# penn z series



## floridaface (Nov 16, 2009)

does anyone restore these penn reels? im looking to have the black parts repainted and maybe the guts polished to look like new. shoot me a pm if anyone can help me with this


----------



## lastcast (Oct 12, 2007)

Might want to give Ron a call at Rod N Reel Depot.
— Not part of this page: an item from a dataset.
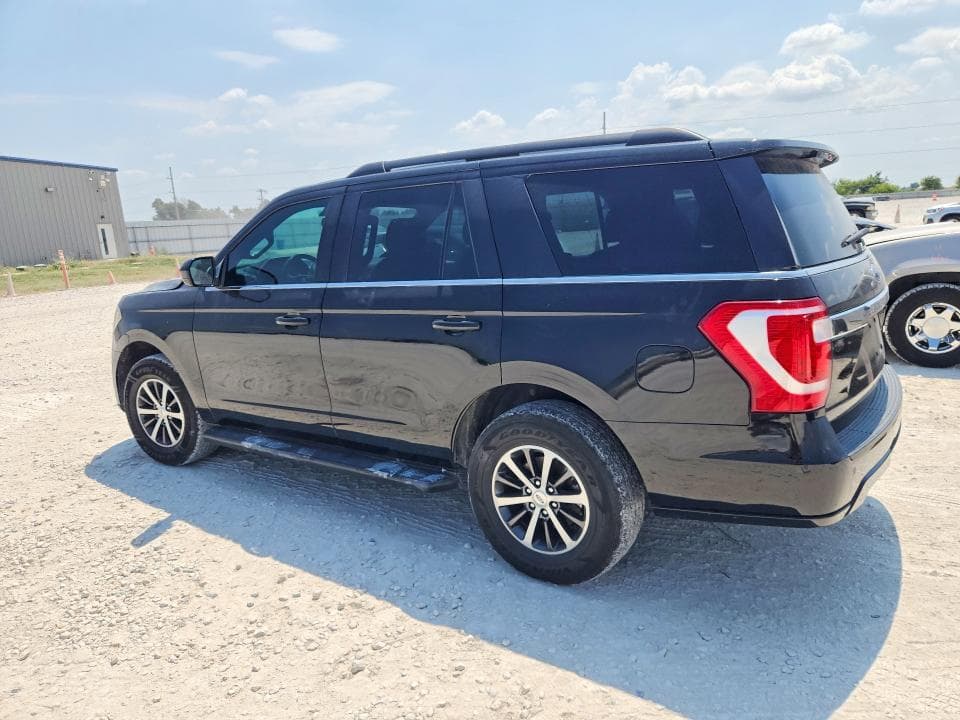 2020 FORD EXPEDITION XLT 2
Not sure he does but might know someone.

Skip


----------



## meathunter (Nov 4, 2009)

YOU CAN DO THIS YOURSELF, A PIECE OF FINE SANDPAPER AND SOME STEEL WOOL WILL STRIP THE OLD PAINT (BE SURE TO TAPE ANY PART YOU DON'T WANT SPRAYED) THE INSIDE PARTS ARE EASY TO REMOVE, FIRST WASH REAL GOOD WITH HOT WATER AND DAWN DISH SOAP THEN POLISH WITH STEEL WOOL OR A DREMMEL TOOL WITH A FINE WIRE BRUSH ATTACHMENT. RELUBE EACH PART BEFORE REINSTALLING... BUY A CAN OF GOOD GLOSS SPRAY PAINT AND A CAN OF GOOD PRIMER. SPRAY WITH PRIMER AND AFTER DRYING SMOOTH WITH SANDPAPER THEN PRIME AGAIN, THEN SMOOTH AGAIN. WAIT TILL THE NEXT DAY TO SPRAY WITH BLACK PAINT, SMOOTH ANY RUNS BEFORE RESPRAYING. YOU CAN ADD AS MANY COATS AS YOU WISH FOR A DEEP, GLOSSY FINISH. TAKES A LITTLE TIME BUT GIVES YOU A GOOD FEELING AFTER DOING IT YOURSELF.


----------



## floridaface (Nov 16, 2009)

sounds good. i might try it out


----------



## Baitcaster (Oct 4, 2007)

need to check out stvtackett's Penns here on the forum . I believe he powder-coats his Z's and they look great ! (love the white one !)


----------